Conclusion and implications
In spite of its limitations, this study reinforces our understanding of stigma as a barrier to service access by young people and extends this to the school context. The study highlights the similarities and differences in the perceptions of students and school-based mental health service providers. It suggests that there is value in the inclusion of both young people and educators when identifying, developing or refining school-based mental health programmes. This is a viable way to reduce the gap between school-based service providers' and young peoples' perceptions.
School boards should also encourage schools and educators to build their capacity in the area of mental health literacy. This is easier said than done. Twenty-two of the 63 programmes used in this study involved increasing the knowledge and awareness of educators, yet this is still limited according to these findings.
Mental health professionals, service providers, young people and educators should start to view stigma differently. Currently, programmes approach stigma from the perspective that it needs to be eliminated. Stigma is attached to many other illnesses and aspects of society. Cancer, diabetes and many other medical conditions historically had stigma attached to it, but now people openly share their stories, assisting in the reduction of stigma.
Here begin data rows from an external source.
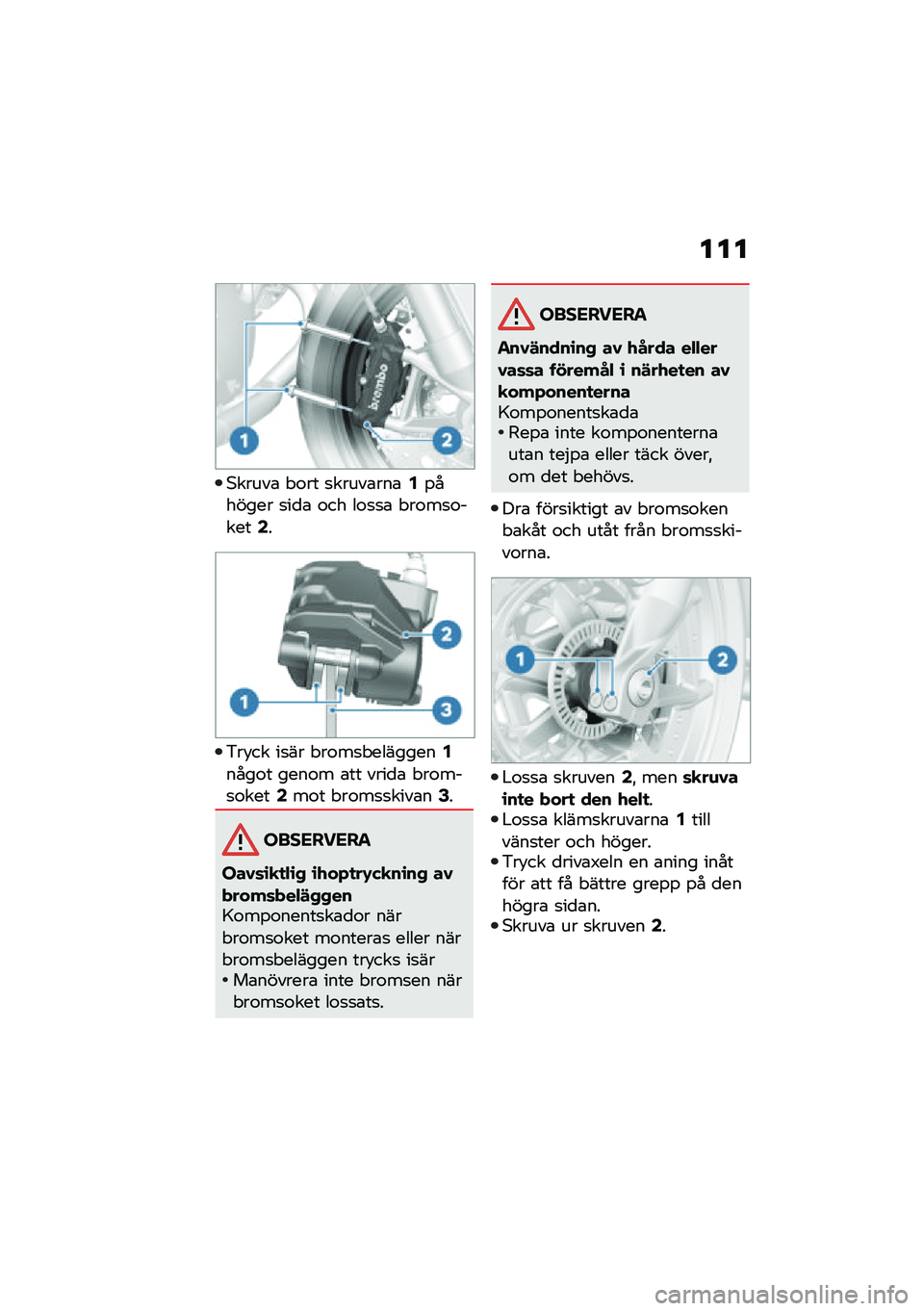 BMW MOTORRAD R NINE T 2020  Instruktionsbok (in Swedish) ���
�*�����\b � �\f�� �
�����\b���\b�4�%������ �
��
�\b �\f�� ��\f�
�
�\b � ��\f��
�\f�����6�
�&��!�� ��
�� � ��\f��
� ��������4����\f� ����\f� �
Interestingly, the same type of stigma is attached to mental illness, but many individuals with mental health concerns keep their problems secretive.
It is evident from this study that young people have strong opinions pertaining to their own mental health and well-being as well as to the services that are meant to meet their needs. What is less clear is to what extent their opinions are supported by accurate knowledge. A commitment to mental health literacy across stakeholders including young people can influence opinions and impact stigma. Young people need to have their views influence mental health policy and practice, especially within the school context.
Future studies should examine this same concept using a monomethod approach to collating and analysing the comparative data. The relative merit of universal mental health programming is an emerging area of research as well. Research into the efficacy of different vehicles for knowledge exchange among young people (e.g. social media, peer-led discussion and support groups) as well as between young people and service providers (e.g. joint focus groups) should be examined. Furthermore, research into the relationship between personal factors (i.e. suffering from a mental illness) and the perception of stigma should be assessed and compared in service providers and young people. A gender difference in the perceptions of young people and service providers is a final area we feel merits further exploration with an eye to developing gender-specific stigma reduction efforts.
We would like to acknowledge and thank the Mental Health Commission of Canada for funding the Canadian School-Based Mental Health and Substance Abuse Consortium. This funding set the parameters of the initial contract with the Consortium, from which the scanning data were produced. We would also like to thank Laura Conroy, Julia Gandy and Mind your Mind for their involvement and support of this study. The authors of this publication have declared that they have no competing or potential conflicts of interest.